Nicolas Silhol dissèque l’art de la méthode pour ne pas dire l’art de la guerre, cher à Sun Tzu : celle employée par les grands groupes pour optimiser la ligne de résultats de leur bilan économique en faisant craquer leurs salariés jusqu’à la démission plutôt que la négociation, le reclassement ou le licenciement. Cela coûte moins cher.
Le film s’ouvre d’ailleurs sur un carton d’introduction stipulant que les personnages sont fictifs mais les méthodes bien réelles.
Ces méthodes que le cinéaste a parfaitement documentées par un travail minutieux auprès de l’inspection du travail et dans les grandes entreprises, ont un relief particulier dans le film. C’est sans doute, au travers d’une succession de petits manifestes cyniques, sa partie la plus intéressante et la plus glaçante.
Qui n’a pas connu dans les groupes cotés en bourse le marketing de plans sociaux aux douces appellations pondues par les stratèges de la communication : One Step Further 2018, Cap 2020, Innovating system 2016, Ensemble on est plus fort 2017 …
Ici, il s’agit d’Ambition 2016, le plan choisi par Esen, groupe industriel alimentaire, et managé avec perversion et sans aucun état d’âme par Emilie Tesson-Hansen (Céline Salette) fraichement recrutée par Stéphane Froncart (Lambert Wilson).
Ambition 2016 renommé A16, comme l’autoroute d’un désespoir programmé, concerne 10% des effectifs et tous doivent être amenés à démissionner.
La stratégie est limpide et ciblée : proposer l’inacceptable à des salariés fragilisés et au pied du mur en les manipulant afin que la responsabilité de la décision leur revienne. Le choix sera systématiquement de partir.
Le suicide de l’un d’entre eux va faire imploser le système jusqu’à révéler la face la plus sombre du management d’entreprise en confrontation avec l’inspection du travail incarnée par Marie Borrel (Violaine Fumeau, fidèle du cinéaste)

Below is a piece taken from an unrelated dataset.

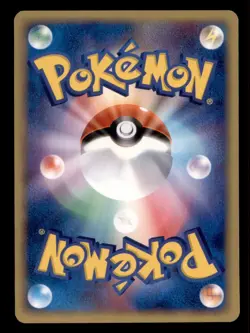 Pokemon Card Japanese Phanpy (EX Ruby & Sapphire) 031/055 NEAR MINT Non-Holo TCG - Image 2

Dans ce qu’il raconte, le film est très efficace et sonne juste et il est difficile de ne pas légitimer sa démarche. Elle est implacable.
Là où le bât blesse, c’est dans la mise en scène et les basculements psychologiques des personnages, celui interprété par Céline Salette en premier lieu.

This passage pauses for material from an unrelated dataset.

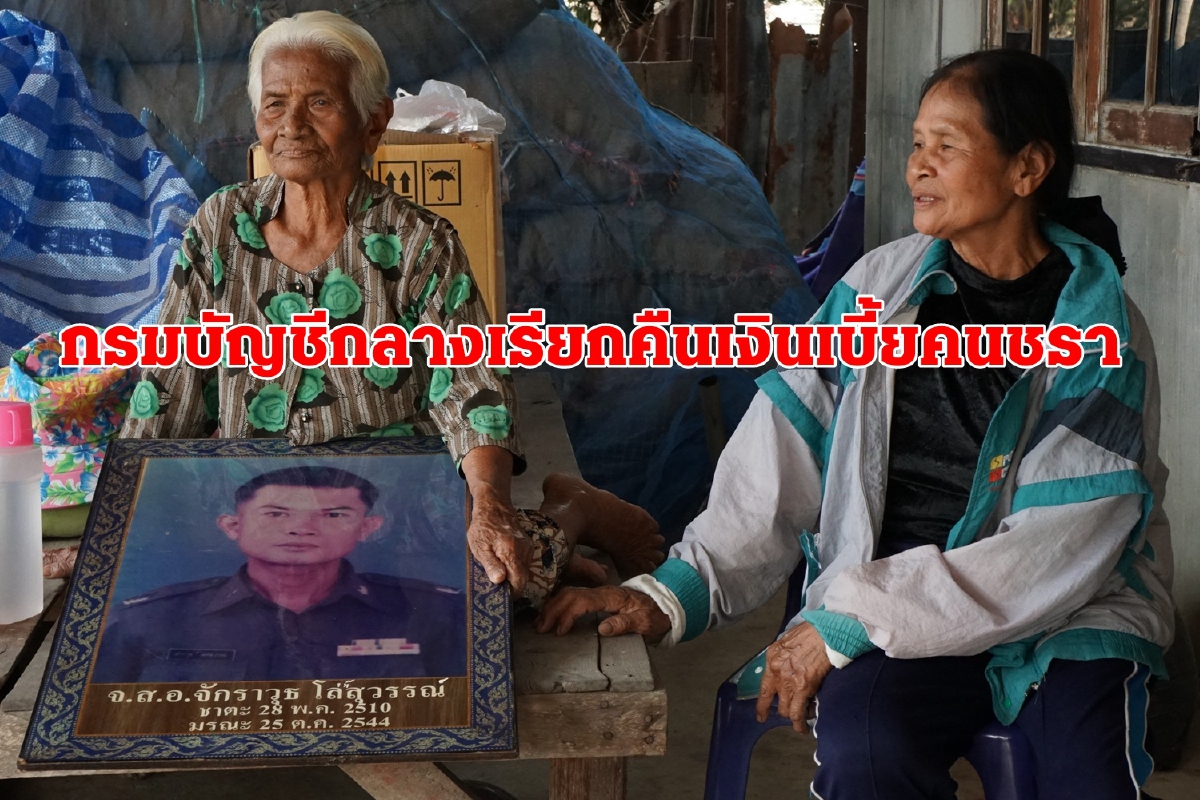 กรมบัญชีกลางเรียกคืนเบี้ยคนชราร่วมแสนหลังจ่ายให้แม่เฒ่ามา10ปี กรมบัญชีกลางเรียกคืนเบี้ยคนชราร่วมแสนหลังจ่ายให้แม่เฒ่ามา10ปี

La mise en scène est studieuse avec comme seul principe un travail sur le cadre très programmatique. Au début du film, il s’appuie sur la typologie des lieux de l’entreprise (vitrage, parois, cloisons, zébrage) pour être très resserré et rigide et s’ouvre petit à petit au fil du basculement de son personnage principal qui, par intérêt personnel puis par souci collectif, va se libérer du système.

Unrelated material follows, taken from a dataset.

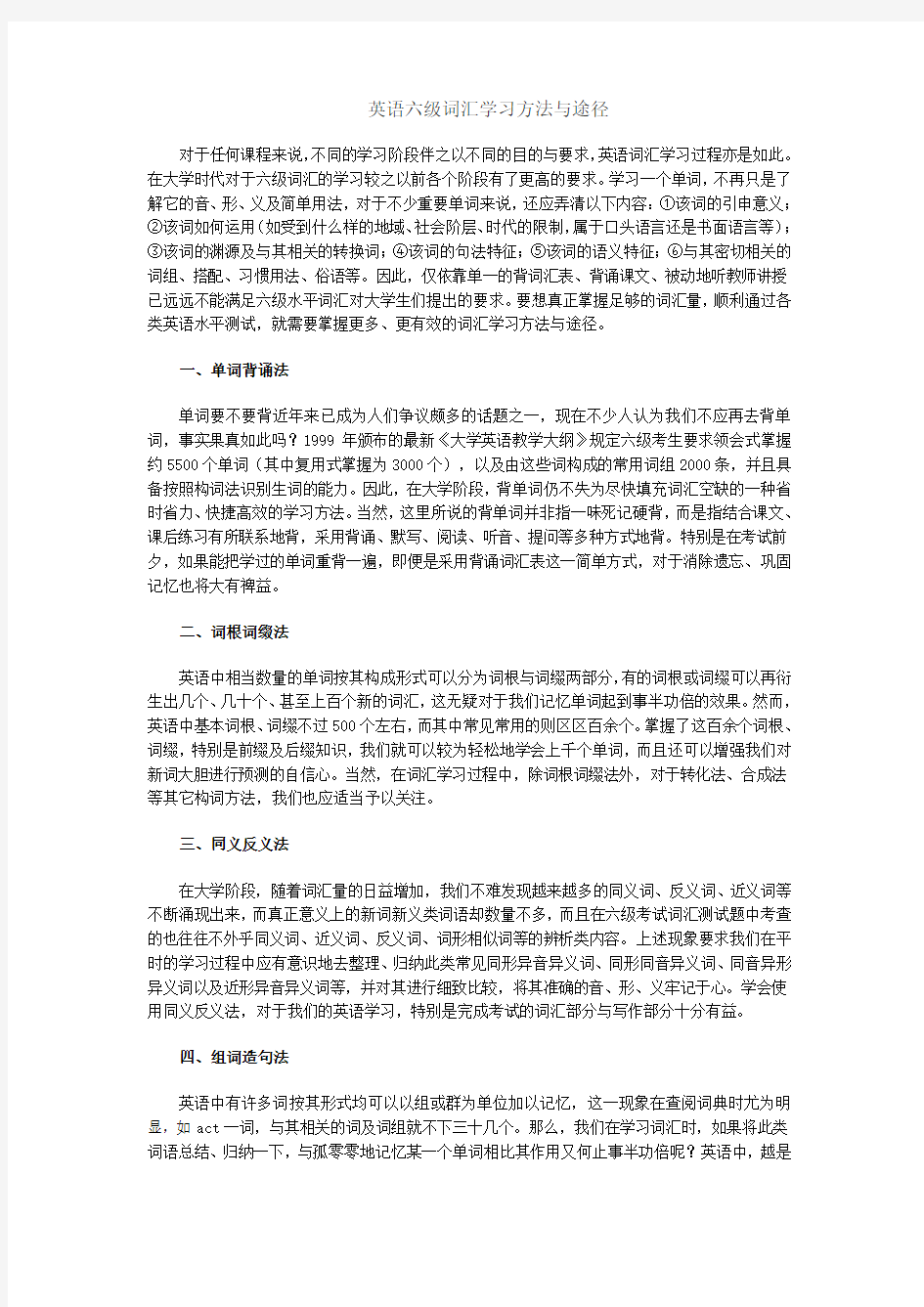 英语六级词汇学习方法与途径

L’autre faiblesse du film, c’est la mise en évidence des enjeux psychologiques des personnages. Les changements de cap sont trop rapides et la peinture du monde extérieur, notamment le cercle familial, ne sert pas suffisamment les basculements. Au fond, on ne comprend pas vraiment les fondements profonds de la démarche de ses personnages.
Par ailleurs, certaines scènes cassent la tension de la narration notamment ce faux entretien entre Emilie et son mari ou cette incursion nocturne dans un bar à la table de coréens, salariés de Hyundai.
Reste néanmoins Céline Salette, actrice vertigineuse d’une grande puissance mélancolique, telle que la définit à juste titre son réalisateur. Elle est magnifique dans le rôle de cette femme en décomposition.
Nicolas Silhol signe un premier long métrage dont on a envie de retenir l’engagement, la précision et l’exemplarité. Cependant, il n’atteint pas la puissance cinématographique et naturaliste de Ressources Humaines de Laurent Cantet mais ouvre une porte singulière et sans concession dans le regard qu’offre le cinéma sur le monde de l’entreprise et de ses loups.